Mais son prof dit, “Bien sur,
J’ai une méthode moins dur,
On doit trancher le gorge de l’anglais.”


NOTE: C'est une andouillette.

Wednesday, 6 May 2009

Stupidity leads to rewarding chat

My garage doors are 83 in. wide; my car 78 in. That’s 2½ in. clearance on either side of the wing mirrors. Believe me, it looks less.

Entering and leaving the garage are just one problem. Inside, I ease the car inches to the left so I can open the driver’s door. Chalk marks on the wall help position the car longitudinally; carpet attached to both walls protects the bodywork. For ten years I have managed these mini-journeys successfully but three days ago I scratched the offside front wing (US: fender) on a quite different variant of the exit route.

The man at Auto Chips said it would cost £150. I thought the rate was about £40. “That’s if you’re shortly going to sell the car. If you’re keeping it you need something permanent.” My aim was to obliterate evidence of my own stupidity so I opted for the latter. I asked questions and he answered them fully, pleased at my interest.

The higher cost covers repainting the whole wing and then drying it in an oven. While it’s still on the car! We stood in a car-size chamber heated to 75 deg F. “People get the wrong idea about our oven,” he said, grinning. There was more. He knew his stuff and enjoyed explaining it in detail. It was (professionally), and still is, one my great pleasures to talk to a communicative expert – on anything.

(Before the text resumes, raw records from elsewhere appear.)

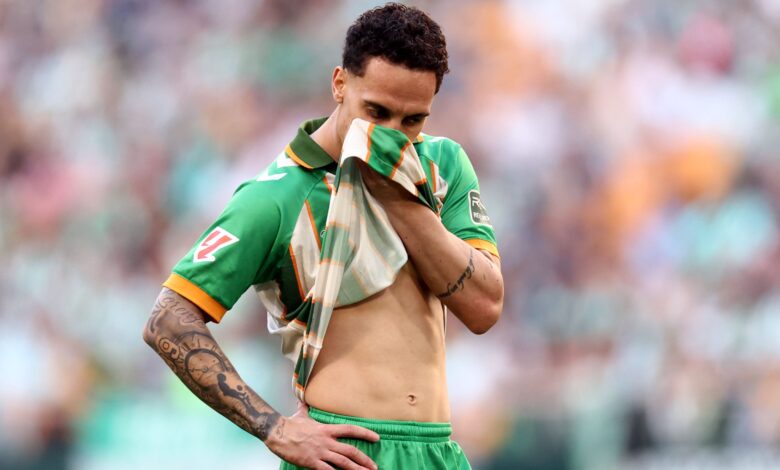 أنتوني يبكي بعد ضياع فرصة ذهبية.. ريال بيتيس يتعادل مع رايو فايكانو - Getty Images Sport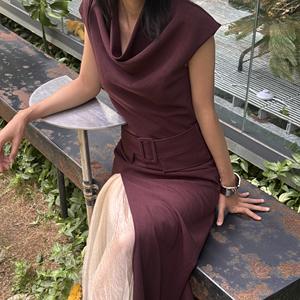 Robe midi décontractée structurée pour femme, style bustier, col rond, manches courtes, coupe ample, couleur unie, marque AnyShape, ODM - Product Image 1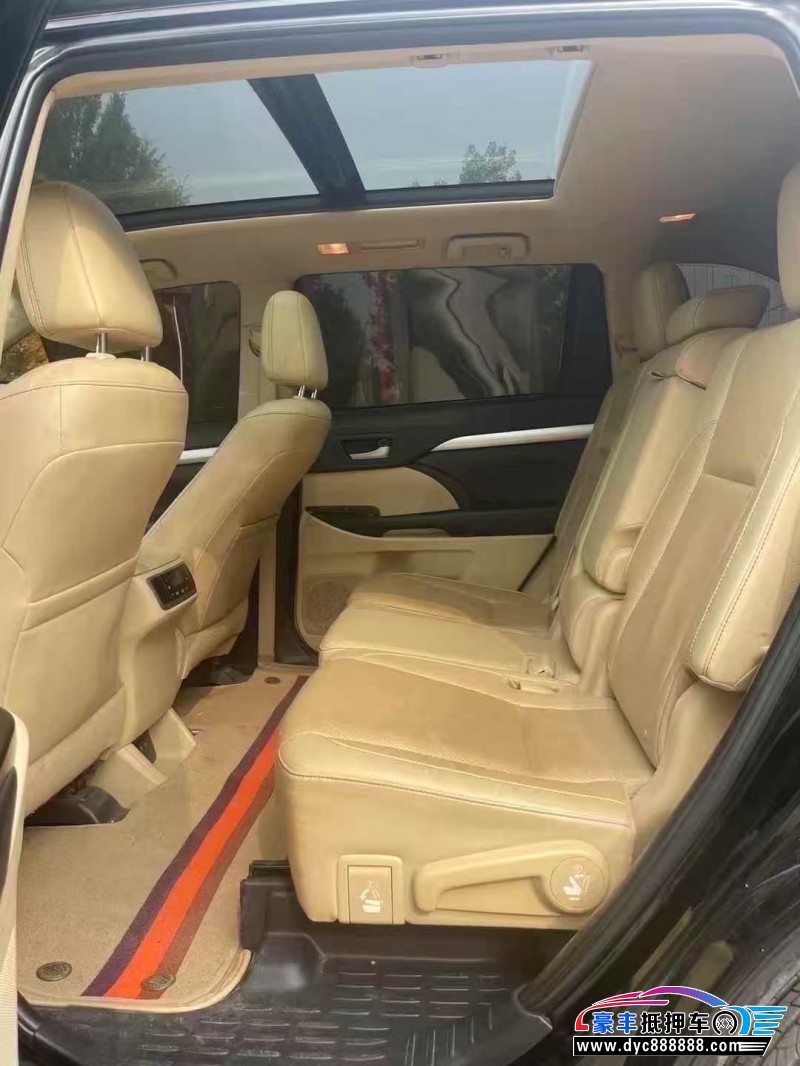 20年丰田汉兰达轿车抵押车出售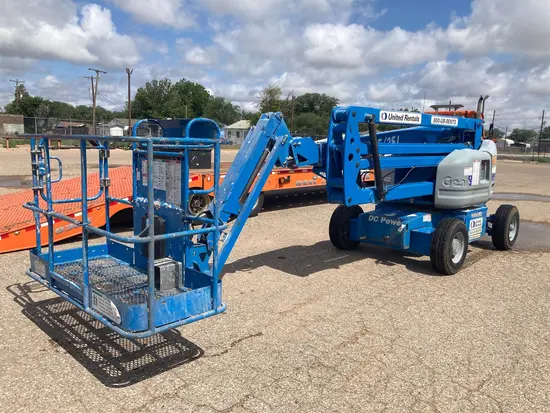 2016 Genie Z-45/25J DC Articulating Boom Lift
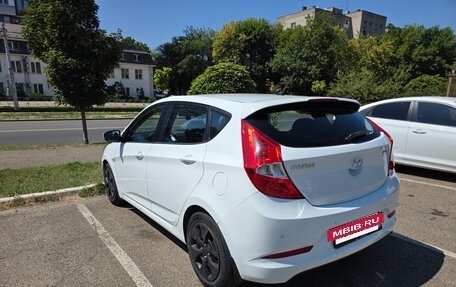 Hyundai Solaris II рестайлинг, 2015 год, 1 100 000 рублей, 7 фотография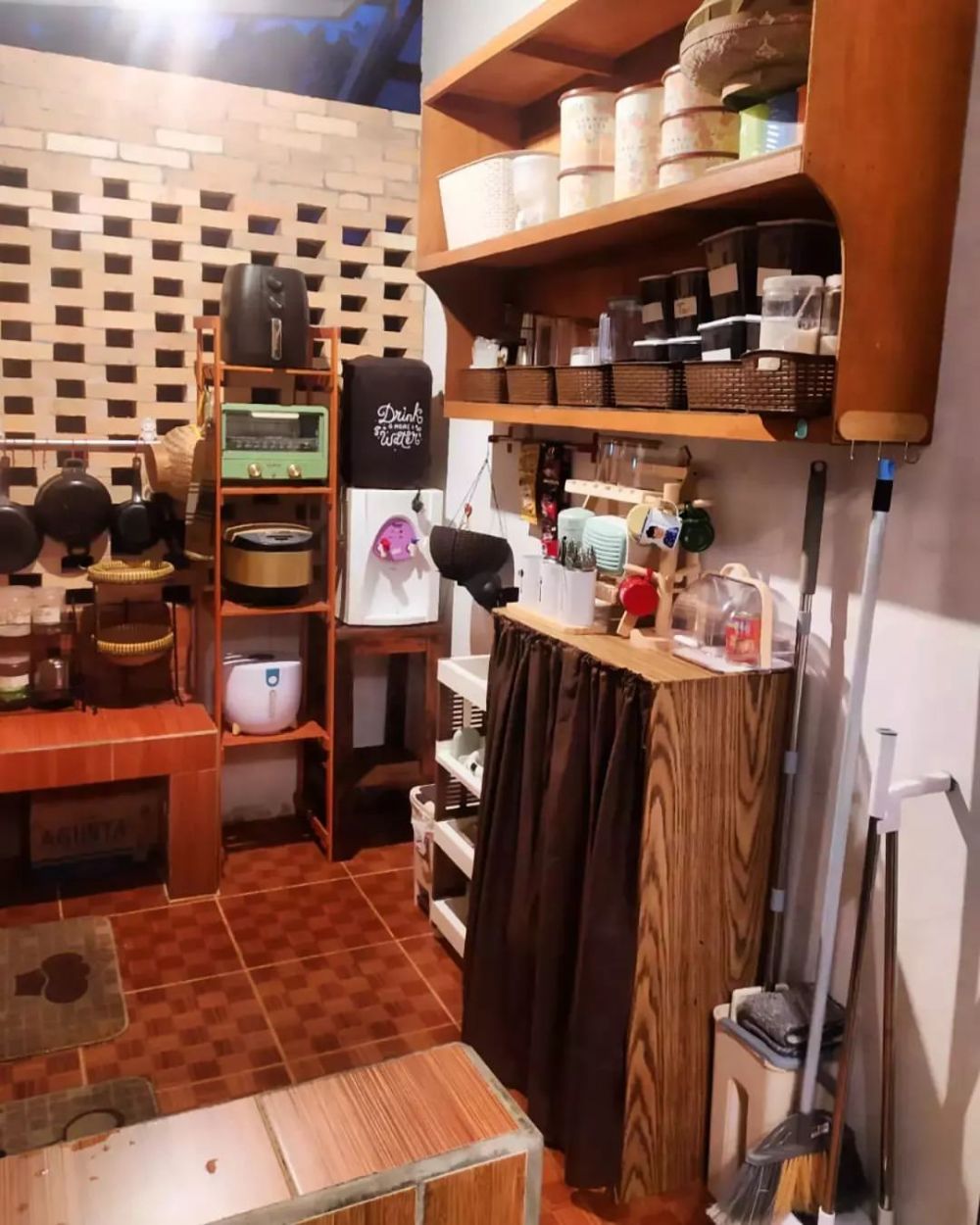 Uniknya berasa punya restoran sendiri, 11 potret dapur semi outdoor bikin masak kian adem tak gerah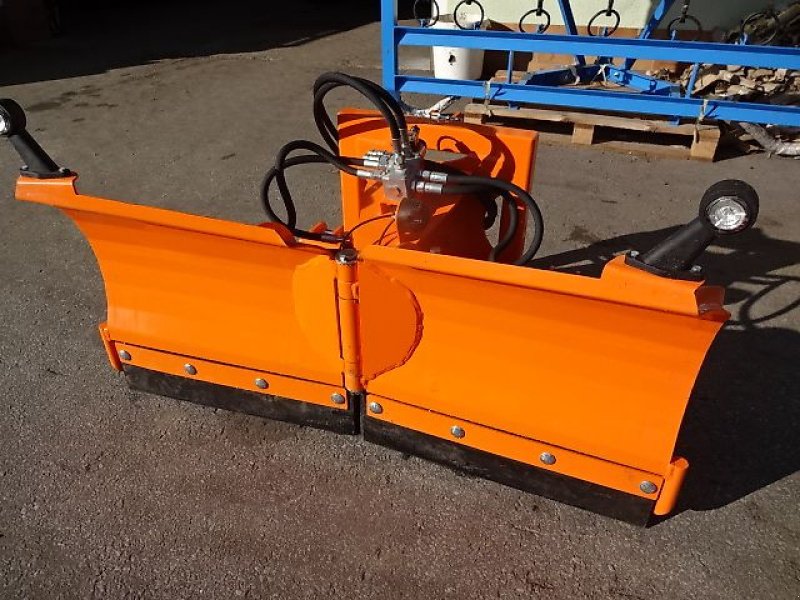 Schneepflug des Typs H-L-M Varioschneepflug 1,3 Meter- Hydraulische Verstellung, Neumaschine in Neureichenau (Bild 1)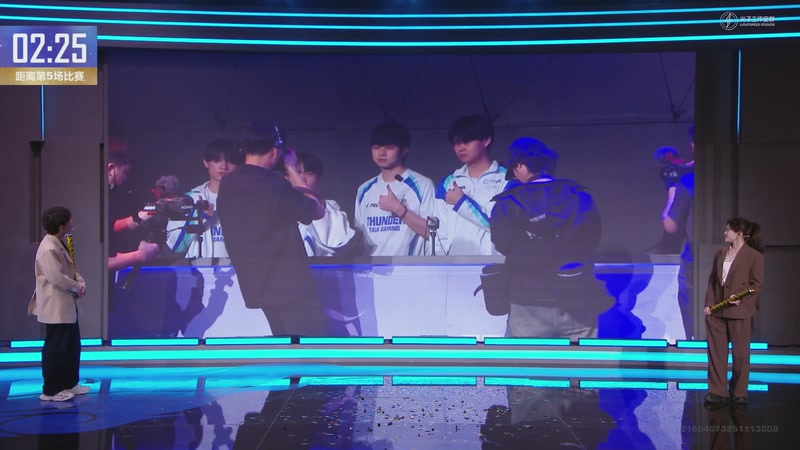 【2025-11-24 22点场】和平精英官方赛事：直播丨全球总决赛-精英赛DAY1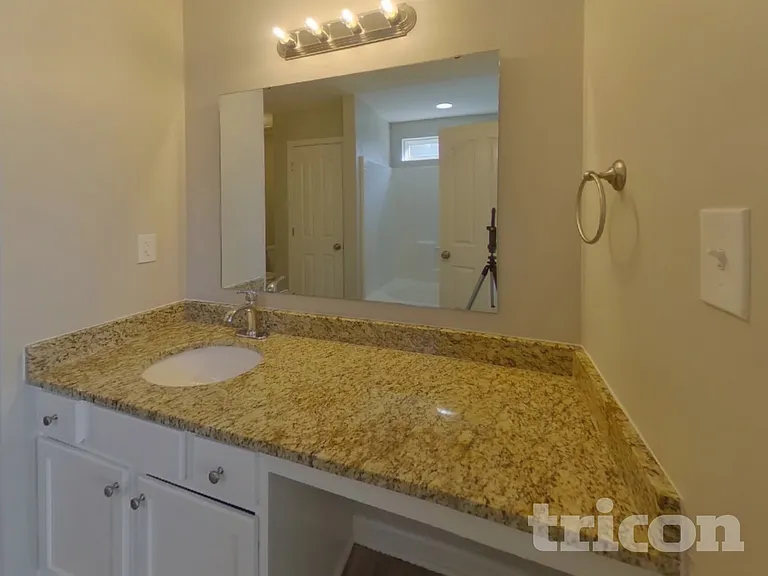 7310 Ravanna Dr — Photo 8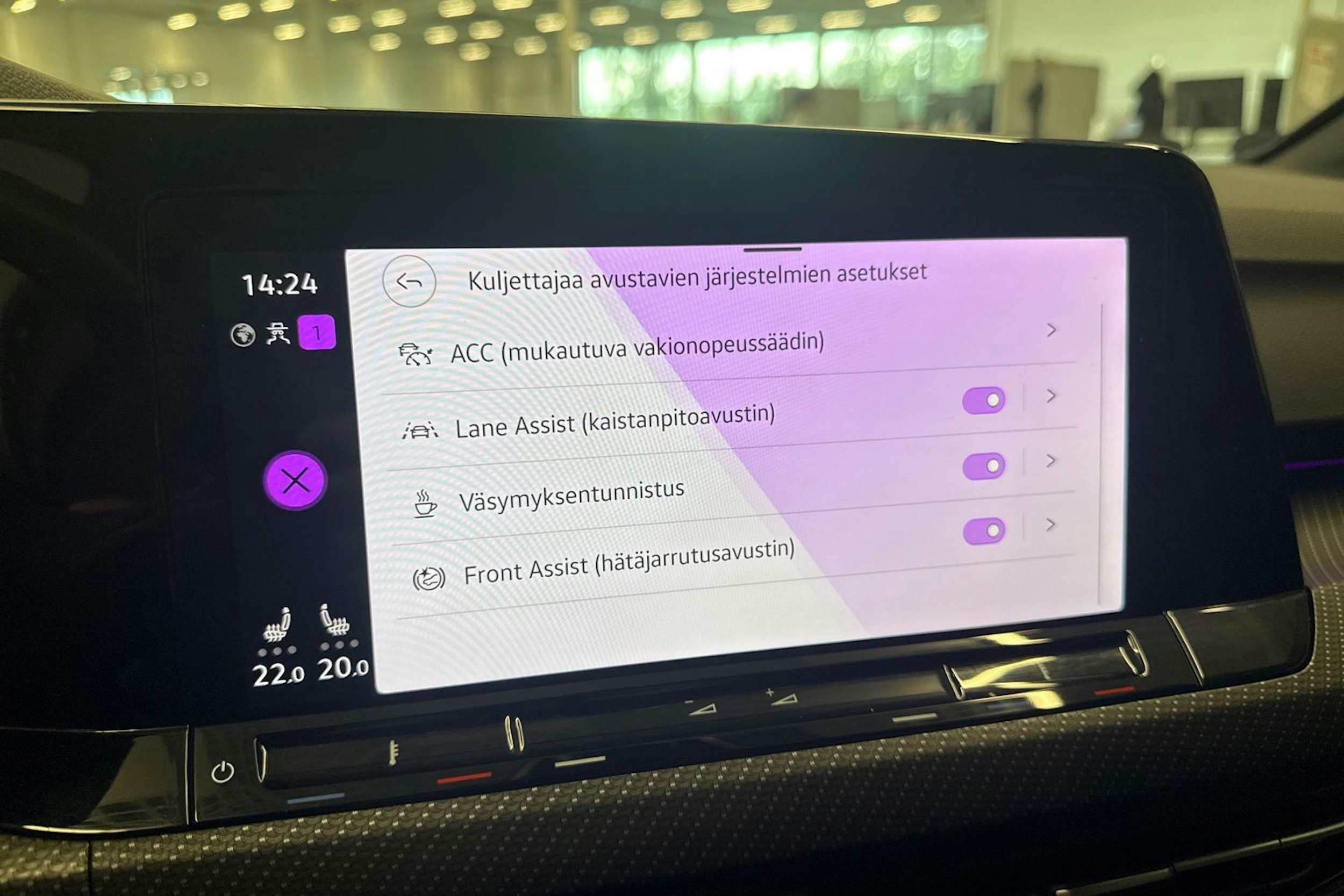 musta Volkswagen Golf 2023 kuva 23.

I told Mrs B that the car was destined for the inside of an oven. “Remember to take the long-distance sweets (US: candy) out of the door compartments,” she said.

Friday, 1 May 2009

Time to get out of the poetry game

WHY I AM UNFITTED FOR, AND PROFESSIONALLY PREVENTED FROM,WRITING POETRY
The Rubik Cube is not my sport. The sides
Proclaim restraint, the shape a symmetry.
The garish colours act as childish guides
The aim a transient diversionary.
To write a verse, to form a brick of words
To take on rules that help to close our eyes,
To rhyme (like this) and risk what rhyme affords
We tumble into wretched compromise.
The language of a verse demands a blur
Else why not take the compass point of prose?
Why hint, evade, constrain, fail to concur
When truth and clarity all worth enclose?

For truth and clarity are hard-won gain
And fall in rhythmic rhyming’s false domain.

Thursday, 30 April 2009

A plague on both their houses

Shaving – a time when I look deep into my bloodhound face barely able to contain my rage at being the victim of extortion.

A razor resembles that other example of fiduciary cynicism, the computer printer: purchase price suspiciously low, running costs ludicrously high. Razor designers, sniggering, add plausible complexity. From one blade we move to two, to the swivelling head, to three blades, to slender-handled pink jobs fit only for women’s delicate hands. Marketing departments, sniggering in descant, attach childish gamebox names and give away the handle and a couple of blades for almost nothing. Then the real costs become apparent. A replacement blade can cost over £2.

The blades cut bristle, they “work well”. And, since a customer has this niggling belief he’s invested in the valueless handle, he mounts the treadmill. Over the years I have shed many of my West Riding antecedents but I still have an abiding hatred of being gulled.

I have bought alternative blades, conscious that this involves the connivance of the big players. I have bought disposables which only announce their wear by scritching the face. I have dallied with power. Fear has denied me cut-throats. I have had many lousy shaves. This is a rant. This is the end.